Internet vs Social Networks

Hi dear Readers!
I've been using the Internet for many years, like many others to say the least. I'm fairly new to Facebook though; I started using it only this year. 
I used to be asked: what is the Internet, and answered that it's a lot of interconnected computer networks with lots of data storage. The question I get nowadays is: what is Facebook and Twitter. The latter is easier. My answer is that Twitting is like sending SMS to everyone with a Twitter account, and that you can follow people, which means you get all their Twits.
What is Facebook then? It's a network of People. Each has a page, which can be a sort of diary. Then come the questions: 

  • Should I join Facebook? If your friends are on Facebook, you definitely should.
  • What is the point of being on Facebook? You can see what your friends are up to. You can share something that you saw or something that happened to you. You can invite people to events. You can play Facebook games. In a very limited way it's like Twitter; instead of sending an SMS to everyone, you put text and pictures on your Facebook page.
  • Can anyone read my page? You can decide who can; your friends can, i.e. your Facebook friends. 
  • But again, what is the point? Well, I guess you have to try it to find out. Explaining it makes it just sound trivial and rather silly. But it isn't.

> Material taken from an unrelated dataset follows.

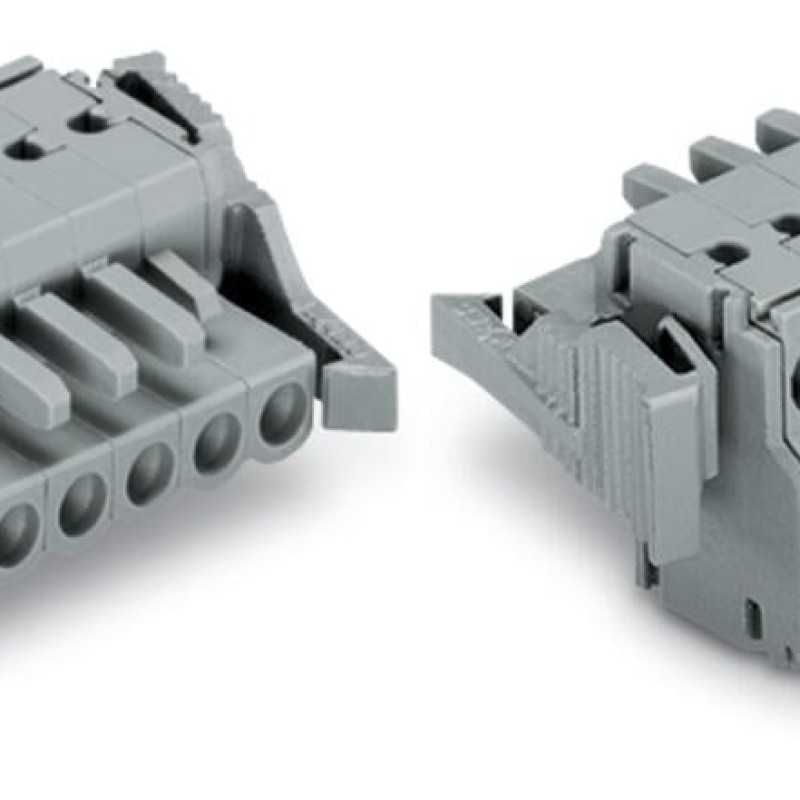 231-2113/037-000 2-conductor female connector;Push-in CAGE CLAMP®;2.5 mm²;gray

And now: Internet vs Social Networks. Why this headline? Because the two are very different. Internet is about computers, social networks are about people. To social networks, the Internet is infrastructure. It's plumbing. It's an utter necessity, it doesn't make the heart jump, except when it isn't working.
Internet vs Social Networks is also about companies. The Internet companies know that Internet is plumbing and that social networks is the current and future big thing. So they want to join the social networking business. The problem is how to get in. Can it be done by building something new on top of the Internet, to make it a bit like Facebook, but different? Google is trying this, but they haven't succeeded. Will they ever succeed? Is there room for another Facebook? No one knows the answer. Google's Orkut hasn't been successful enough. MySpace seems to have merged with Facebook.
My guess is that Google has failed in social networks, because they are not the right sort of company to succeed in social networks. Their vocabulary, i.e. their thinking, contains words like "network", "search", "server", "site", "email". To succeed they would have to use terms like "I", "friend", "share", "show", "who", "now". Very different words, which lead to very different thoughts. For an individual it's difficult to change his thinking. For a company it's much more difficult. It can be done, but it takes many years. I'm sure Google will try!